Nachdem die beiden Männer in den Hohlraum zwischen Decke und Dach geklettert sind, nehmen Karen und Rachel wieder ihren Platz auf dem Fußboden hinter der Theke ein. Karens Arme sind verschränkt, was auf Beunruhigung schließen lässt. Rachel sagt: »Karen, Sie sehen fantastisch aus. So gelassen. Ich wünschte, ich hätte so viel Haltung wie Sie.«
Karen betastet ihr Haar und fragt: »Tatsächlich?«
»Ja«, sagt Rachel.
»Bei diesem ganzen Chaos hätte ich gedacht, ich würde ein bisschen mitgenommen aussehen«, meint Karen.
»Nein, Sie sehen großartig aus. Karen, ich muss Ihnen eine Frage stellen«, sagt Rachel.
»Nur zu.«
»Ich habe mich entschieden, dass Rick der Vater meines Kindes werden soll. Was halten Sie von dieser Entscheidung?«
Karen schweigt, will etwas sagen, hält erneut inne und sagt dann: »Tja, ich hoffe, Sie haben Ihr eigenes festes Einkommen. Geben weiße Mäuse das her?«
»Ja, ich denke, es wird weiterhin Bedarf daran geben, selbst in einer Gesellschaft, die durch die Ölknappheit und die politische, ökonomische und ökologische Anarchie, die diese Verknappung jetzt schon mit sich bringt, angeschlagen ist.«
»Sind Sie ein Mensch, Rachel?«, fragt Karen.

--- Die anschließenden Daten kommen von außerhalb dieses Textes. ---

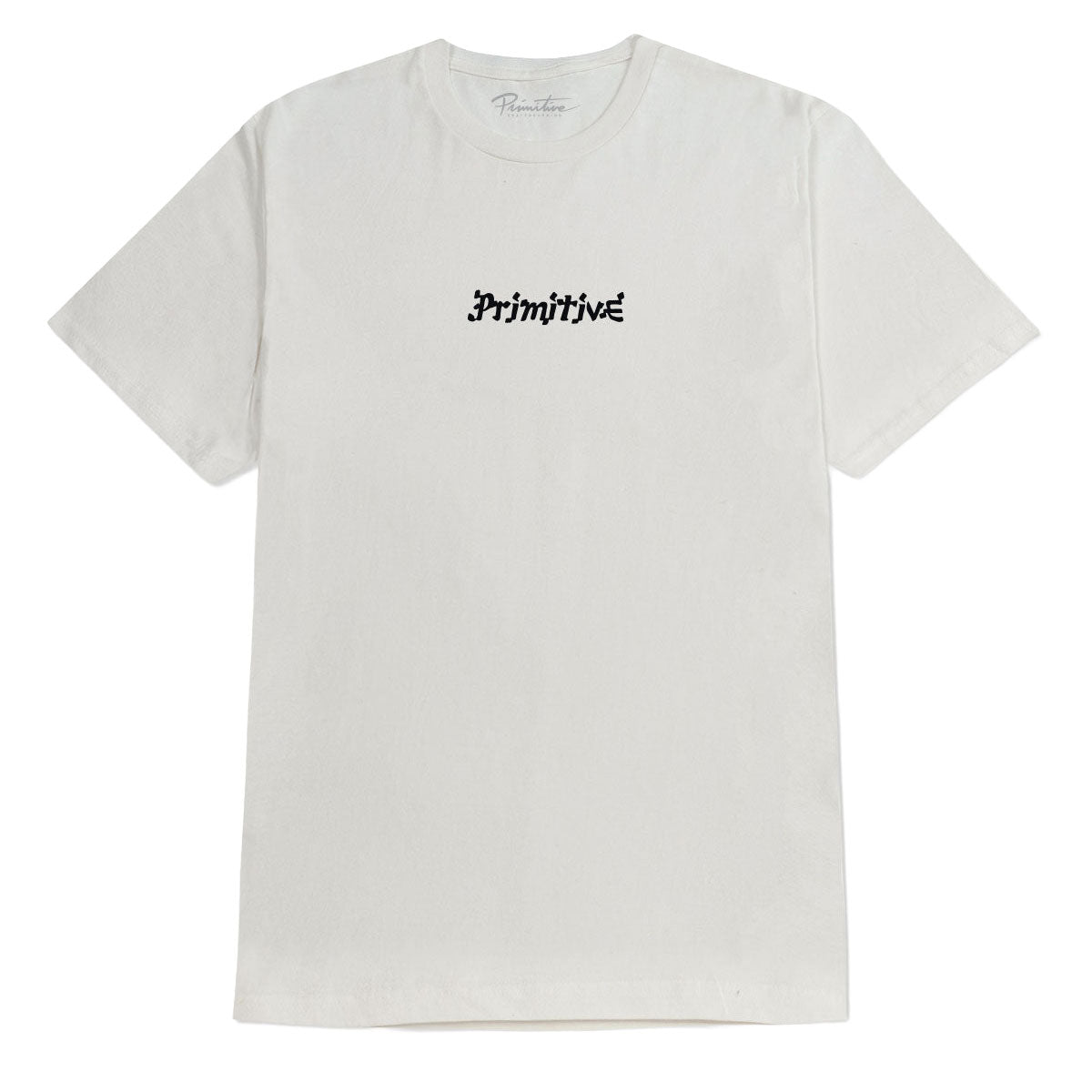 Primitive Process T-Shirt - Cream image 2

»Diese Frage ist mir oft gestellt worden«, sagt Rachel. »Ich weiß, dass sie humorvoll gemeint ist, und nehme keinen Anstoß daran.«
»Ich meinte nur …«
»Ist schon gut, keine Sorge. Ich habe die Sorge, dass ich vielleicht nicht mehr bin als mein medizinischer Zustand. Ohne meine Hirnanomalien, die andere offenbar als Schäden wahrnehmen, wäre ich vielleicht ein normaler Mensch – oder was immer ich eigentlich sein sollte , jedenfalls mehr als nur eine kaputte Frau. Wäre ich normal, hätte ich nicht zum Sozialen Kompetenztraining gehen müssen – und meinem Vater wäre es nicht peinlich, seinen Freunden zu erzählen, dass ich es in den Fünfzigtausend-Mäuse-Club geschafft habe.«
»Rachel, ich arbeite in einer psychiatrischen Gemeinschaftspraxis. Ich sehe den ganzen Tag lang Leute in floriden oder nicht-floriden Phasen ihrer Erkrankung. Wer sie gerade sind, hängt normalerweise bloß davon ab, ob sie ihre Medis nehmen oder nicht.«
»Was folgern Sie daraus? Sind diese Menschen wirklich Menschen? Oder sind sie nur die Summe ihrer Symptome?«
»Ich glaube, wir sind das alles: der Schaltplan unseres Gehirns, was unsere Mutter gegessen hat, als sie schwanger war, die Fernsehserie, die wir gestern Abend geguckt haben, der Freund, der uns in der zehnten Klasse betrogen hat, die Art und Weise, in der unsere Eltern uns bestraft haben. Heutzutage haben wir PET -Scans, Kernspin, Genkartierung, und in der Psychopharmakologie läuft die Forschung auf Hochtouren – es gibt so viele Arten, das Wesen eines Menschen zu erklären. Eine Persönlichkeit ist eher etwas wie ein … bunter Kartoffelsalat, der aus unserer Biographie plus unseren körperlichen Eigenarten, den guten wie den schlechten, zusammengemischt ist. Sagen Sie mir eins, Rachel, und bitte seien Sie ehrlich: Wenn Sie eine Tablette nehmen könnten und dann ›normal‹ wären, würden Sie es tun?«
Rachel denkt darüber nach, was Karen gesagt hat. Nach einer unbehaglich langen Pause fragt sie: »Kartoffelsalat ? «
Und in dem Moment ruft Rick: »Fang auf!«, und lässt die Schrotflinte nach unten in die Lounge fallen.
Die Dinge überstürzten sich, allerdings in Zeitlupe. Rick rannte und schaltete die Klimaanlage aus, während Rachel, Karen und Luke zur Vordertür gingen, um nachzusehen, ob sie die Barrikaden noch verstärken konnten. Beim Hinaussehen erblickten sie eine Art Chemiewolken-Blizzard – es war, als sähe man das World Trade Center einstürzen, aber mit farbigem Staub, nicht bloß grauem, und darin wirbelte etwas, das wie Hornissennester aussah und überall zu Boden plumpste. Das Tageslicht war verschwunden. Der rote Teppich auf dem überdachten Weg zum Hotel war zentimeterdick mit Dreck bedeckt, genauso wie der Körper des unglückseligen Warren.
»Was zum Henker ist das für ein Zeug?«, fragte Karen.